PostPosted: Wed Jun 18, 2008 12:17 pm
by Christian Walther
D'Lanor wrote:When this came up before we were told that only applied modifiers are recognized by PyPRP.

Can you point me to where this came up before (if it was in a public place)? There might be something to learn for me there.

D'Lanor wrote:I do not even want to think about the extra programming required to apply modifiers during export.

Well, the bit I quoted from the EdgeSplit documentation made it sound like it would be easy, or even automatic. You're getting me more and more interested in checking this out myself.

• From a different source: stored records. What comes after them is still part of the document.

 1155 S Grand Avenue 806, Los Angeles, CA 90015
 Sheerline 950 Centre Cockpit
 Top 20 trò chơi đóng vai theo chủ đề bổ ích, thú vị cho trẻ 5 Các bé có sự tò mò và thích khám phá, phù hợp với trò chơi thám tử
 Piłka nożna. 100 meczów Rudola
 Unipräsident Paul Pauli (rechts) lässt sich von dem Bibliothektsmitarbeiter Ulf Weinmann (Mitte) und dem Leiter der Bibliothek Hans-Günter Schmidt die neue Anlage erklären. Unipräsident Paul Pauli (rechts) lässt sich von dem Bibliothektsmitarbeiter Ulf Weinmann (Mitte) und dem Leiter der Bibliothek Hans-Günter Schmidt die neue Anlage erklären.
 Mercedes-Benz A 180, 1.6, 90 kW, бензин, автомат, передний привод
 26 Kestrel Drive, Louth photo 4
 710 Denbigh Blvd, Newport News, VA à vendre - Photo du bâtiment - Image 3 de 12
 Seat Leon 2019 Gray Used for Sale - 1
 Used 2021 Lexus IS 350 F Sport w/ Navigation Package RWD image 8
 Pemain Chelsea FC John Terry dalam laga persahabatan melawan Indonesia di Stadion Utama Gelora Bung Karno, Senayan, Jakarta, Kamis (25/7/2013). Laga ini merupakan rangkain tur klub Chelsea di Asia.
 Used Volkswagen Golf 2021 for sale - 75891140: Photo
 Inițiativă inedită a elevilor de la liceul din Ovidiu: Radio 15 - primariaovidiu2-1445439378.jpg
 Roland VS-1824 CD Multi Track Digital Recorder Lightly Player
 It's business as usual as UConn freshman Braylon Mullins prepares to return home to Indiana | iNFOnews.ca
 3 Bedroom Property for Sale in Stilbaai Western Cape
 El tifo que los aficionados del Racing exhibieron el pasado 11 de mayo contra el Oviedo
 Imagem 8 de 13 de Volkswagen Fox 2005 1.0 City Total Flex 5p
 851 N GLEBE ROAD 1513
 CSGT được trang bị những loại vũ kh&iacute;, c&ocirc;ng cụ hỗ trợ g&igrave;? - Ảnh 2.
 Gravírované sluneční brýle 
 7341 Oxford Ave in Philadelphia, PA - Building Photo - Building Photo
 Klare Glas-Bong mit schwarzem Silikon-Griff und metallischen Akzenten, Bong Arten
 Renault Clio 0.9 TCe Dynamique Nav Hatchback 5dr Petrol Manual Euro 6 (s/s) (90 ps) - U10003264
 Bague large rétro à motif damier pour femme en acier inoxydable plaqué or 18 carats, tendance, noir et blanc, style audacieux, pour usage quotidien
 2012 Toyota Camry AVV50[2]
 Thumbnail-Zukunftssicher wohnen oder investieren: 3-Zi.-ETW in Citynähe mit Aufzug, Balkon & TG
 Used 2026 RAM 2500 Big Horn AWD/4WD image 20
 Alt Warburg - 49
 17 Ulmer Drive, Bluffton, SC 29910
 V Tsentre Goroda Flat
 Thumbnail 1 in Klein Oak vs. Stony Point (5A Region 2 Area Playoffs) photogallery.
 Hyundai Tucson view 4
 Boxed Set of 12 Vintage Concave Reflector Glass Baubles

Grogyan wrote:while the API is fairly straight forward, learning and knowing python is problematic

Really? I'm pretty fluent in Python, so that isn't a problem in my case - but even if I wasn't, I'd expect that to be the least obstacle. My experience is that learning new languages is fairly easy, it's the APIs that take more time. :geek:

Re: How to make flat faces/sharp edges?

PostPosted: Wed Jun 18, 2008 12:27 pm
by D'Lanor
Christian Walther wrote:Can you point me to where this came up before (if it was in a public place)? There might be something to learn for me there.

Not that much was said but here is the topic.

Re: How to make flat faces/sharp edges?

PostPosted: Wed Jun 18, 2008 12:37 pm
by Christian Walther
Thanks! I happened on that topic when I searched for "modifier" after your comment, but I wasn't sure if that was what you were referring to.